A possible association between the two NPC1 variants and T2D was analyzed in the Saudi cohort. Overweight and obesity are strong risk factors for the development of T2D; genetic susceptibility is nevertheless believed to play a stronger role in non-obesity related T2D . Thus, we verified the effect of rs1805081 and rs1788799 on diabetes susceptibility by taking BMI into account; a significant association was detected between rs1788799 and T2D, with a predisposing role for the derived 642Met allele.
Several metabolic traits are sexually dimorphic in humans and/or show sex-specific heritability linked to the autosomes . Thus, it was suggested that variants with a sex-specific effect might be difficult to detect without separating the sexes or modeling for gender-based differences . Testing for interaction with sex in our cohort indicated the presence of a significant effect; stratification of the population on the basis of gender revealed that the association is driven by male subjects.
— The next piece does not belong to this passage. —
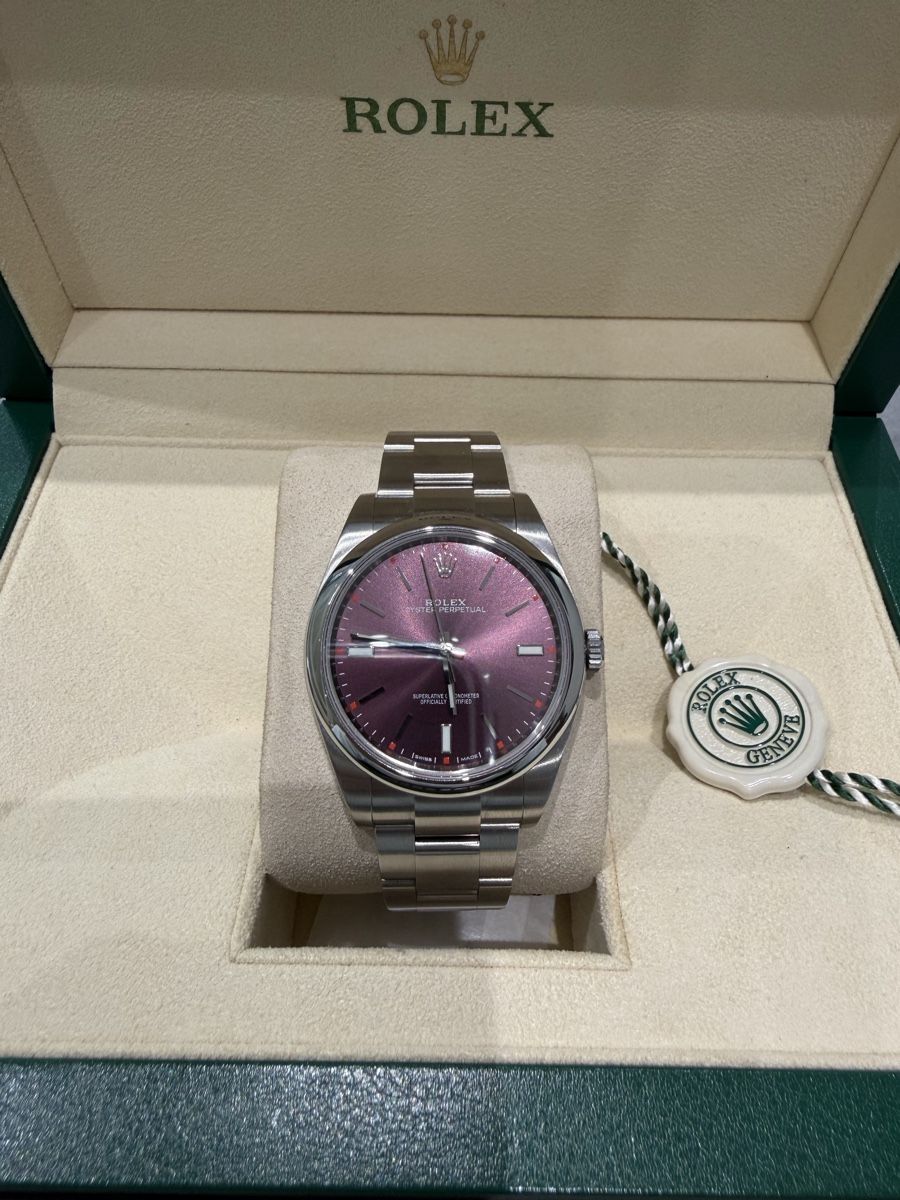 Rolex Uhren: Rolex oyster perpetual Red grappe  – Gebraucht aus Genève von Heritage_geneve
This was even more evident when haplotype analysis using the two coding variants was performed. Notably, two major haplotypes showed an opposite effect on T2D susceptibility in men only, and the effect was evident in both obese and non-obese individuals. An interaction between gender and genetic factors has been described for some other genes involved in T2D [63–66]; the reasons underlying these sex-specific events remain to be elucidated and might include a role for sex hormones, epistatic effects with X-linked variants, or differences in dietary habits and lifestyle between the sexes that, in turn, interact with the genetic status.
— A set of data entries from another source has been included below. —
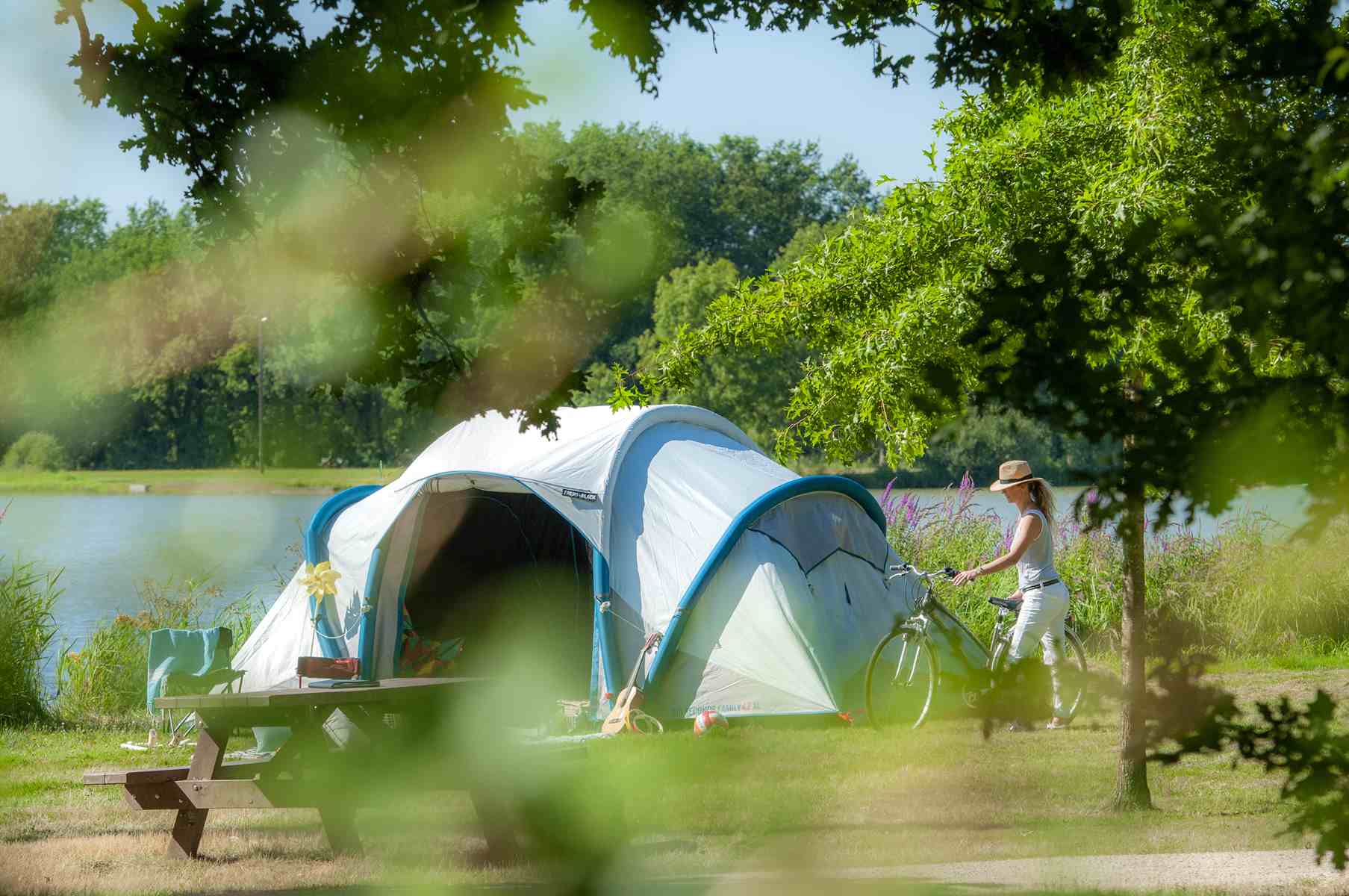 camping-vendee-emplacement-tente-vue-lac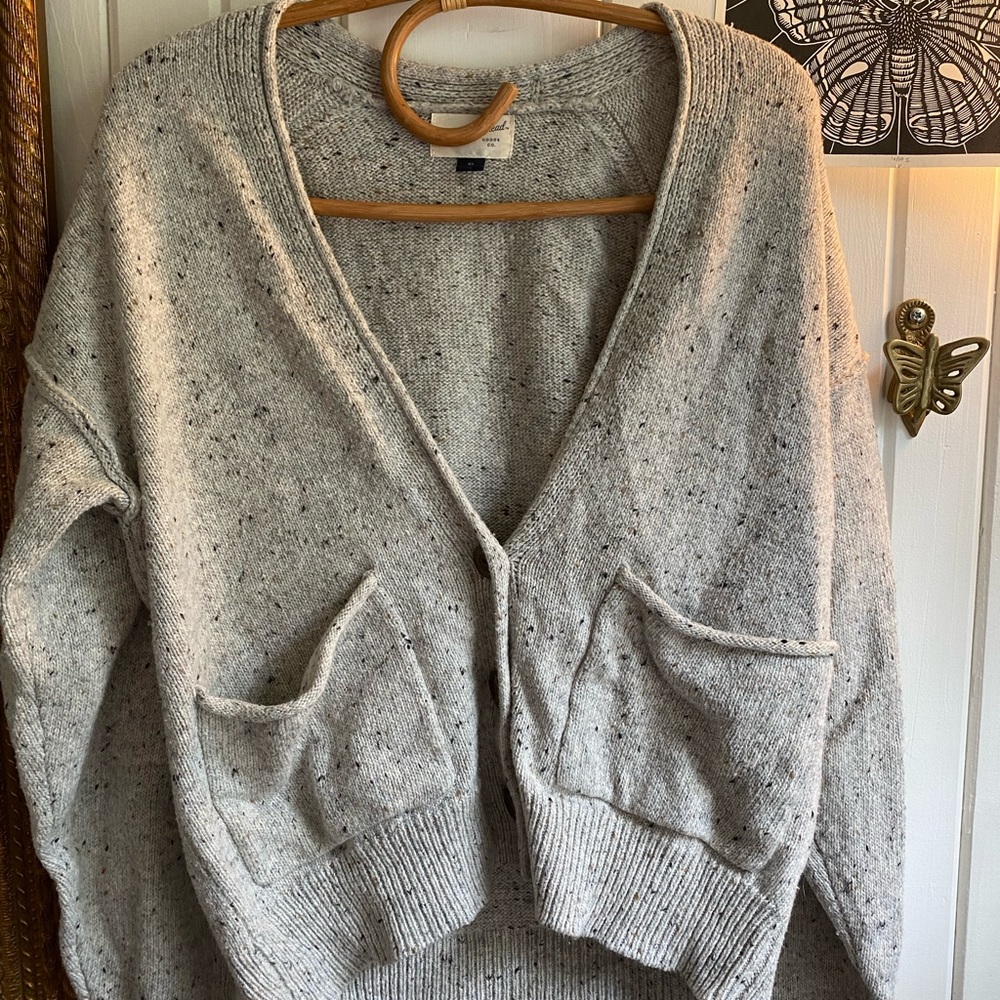 Universal Thread gray speckled cardigan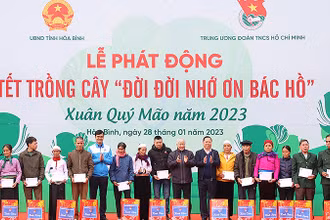 Các đồng chí Đỗ Văn Chiến, Nguyễn Phi Long, Bùi Quang Huy (lần lượt thứ 9, 8 và 13 từ phải sang) trao quà tặng đại diện các gia đình chính sách, hộ dân có hoàn cảnh khó khăn tại buổi lễ.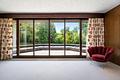Privatsphäre in nobelster Gartenlage: Architekten-Villa von 1982 mit Gäste-Dependance - Mastersuite mit Dachterrasse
Further analyses on plasma lipid levels showed the presence of different associations with NPC1 haplotypes in men and women. Nonetheless, these effects were generally weak and should be interpreted with caution. The stronger effect was detected for triglyceride levels. Thus, in men a minor haplotype unrelated to T2D susceptibility was found to associate with higher levels, whereas in women the two major haplotypes that predispose or protect men from diabetes were found to be associated with higher and lower triglyceride levels, respectively.